There appears to be no clear limit how long one can tune a grammar. After a certain level is reached the return of each cycle diminishes. Many of the remaining shortcomings could be better solved if one could have a different morphological analyser for Finnish. In particular, one would like to modify the compounding mechanism, make the derivational capacity more productive, and use a morphophonemic representation for MSF as the basis for rules. Then one would have access to many relevant conditions for determining the forms of the OLF.13 Such a re-implementation of Finnish morphological analysis would be motivated also when applying two-level methods to historical linguistics of Finno-Ugric languages, see Koskenniemi (2013a).

A couple cases occurred where a new letter pair and an entirely new rule had to be established. That posed no major problem as long as the main principles of letter alignment and correspondences remained unchanged. With a few new example word pairs, there were no particular problems.

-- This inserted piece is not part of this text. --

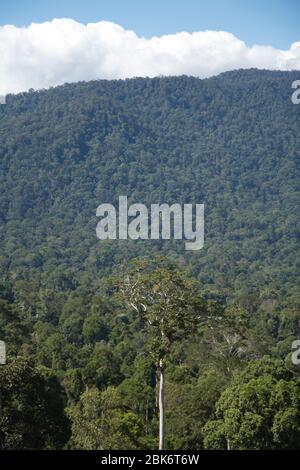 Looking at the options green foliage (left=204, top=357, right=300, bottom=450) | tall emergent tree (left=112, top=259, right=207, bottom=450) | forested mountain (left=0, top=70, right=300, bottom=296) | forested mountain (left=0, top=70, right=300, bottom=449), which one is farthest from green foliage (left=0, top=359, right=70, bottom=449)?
forested mountain (left=0, top=70, right=300, bottom=296)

A common question that arose was to decide whether the rejection of MSF word forms was an error or a feature of OMORFI. The analyser is committed to obey the guidelines for word inflection as described in Kielitoimiston sanakirja14 (2006) which is also available as a net service.15 In most cases, a fifty years earlier norm of MSF would have better suited the needs of this project.

12 Evaluation of the mapping

The rules were developed using a set of example words. So the discussion of the success and the shortcomings of the mappings cannot be estimated by testing with the same words. One can assess how the mapping covers the vocabulary of the corpus by taking a sample of the list of all distinct word forms in the corpus, i.e. some 26,500 words. This list consist mostly of infrequent words. Half of them are hapax legomena, i.e. occurring only once. Less than 5,000 words occur more than 5 times in the corpus. Two 100 word samples were selected, one out the full list of distinct word forms and another from a list consisting of word forms occurring at least six times in the corpus. Both samples were made out of the respective total list by first skipping some entries and then proceeding with even intervals (the length of the list divided by 100). A third sample was made from the running text.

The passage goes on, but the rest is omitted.